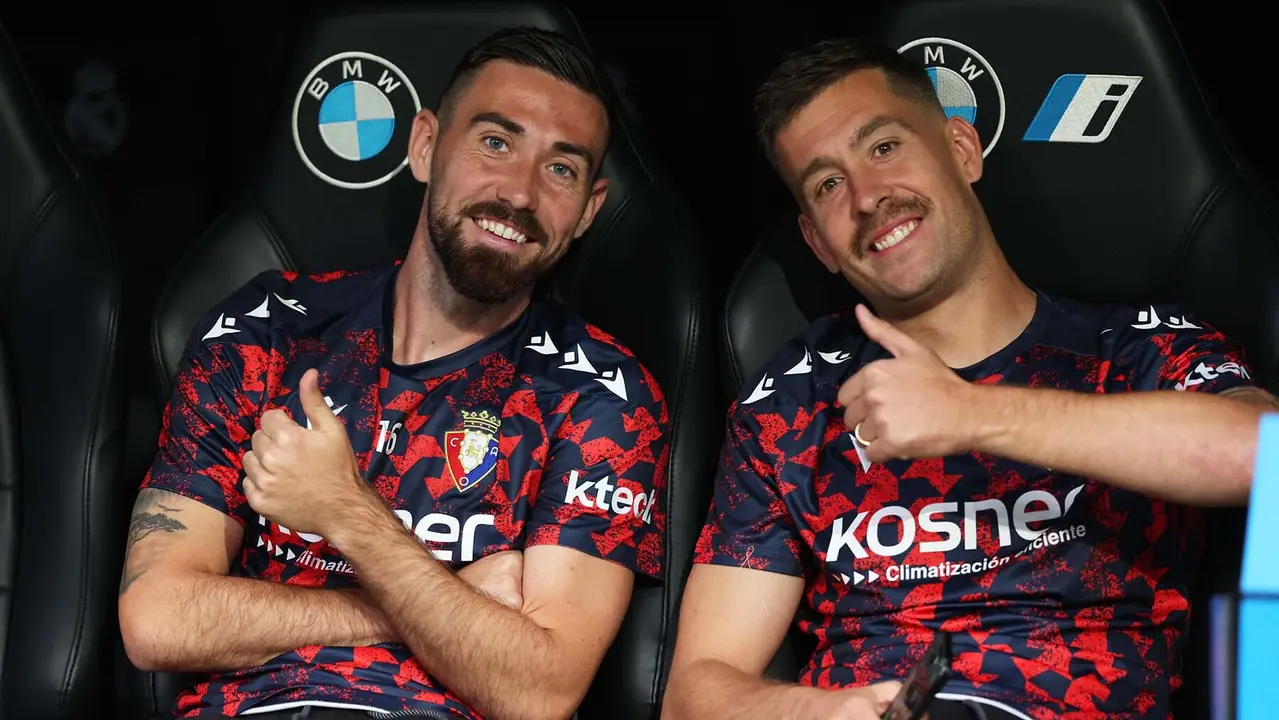 Los jugadores Moi Gómez y Aitor Fernández en el estadio Santiago Bernabéu. CA Osasuna.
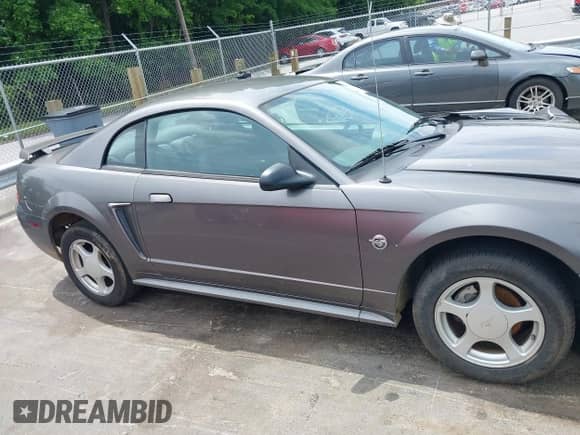 2004 Ford Mustang Standard с VIN 1FAFP404X4F100535, выставлен на аукционе IAAI как лот 42457701 с пробегом 114 589 миль миль и . История ставок и продаж доступна на DreamBid. Изображение 12.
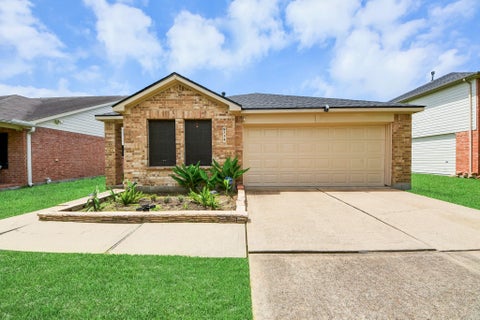 Photo of 9114 Wolcott Park Lane, Houston, TX 77075 (MLS # 51731656)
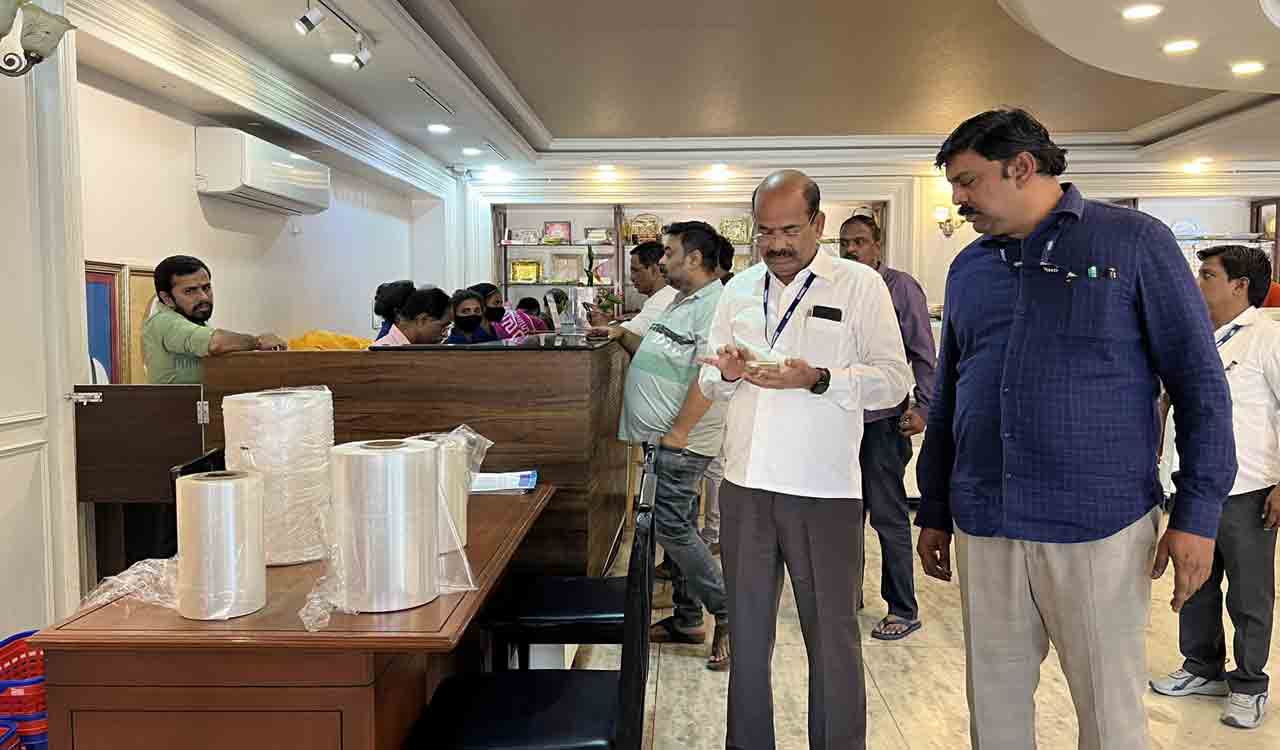 Hyderabad: Pulla Reddy Sweets fined Rs 20k for using plastic for packaging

TASK STATEMENT:
From the line holding "Photo of 9114" to the final line of the data above, give each line again exactly, both ends included, and drop the pictures.

EXPECTED ANSWER:
 Photo of 9114 Wolcott Park Lane, Houston, TX 77075 (MLS # 51731656)
 Hyderabad: Pulla Reddy Sweets fined Rs 20k for using plastic for packaging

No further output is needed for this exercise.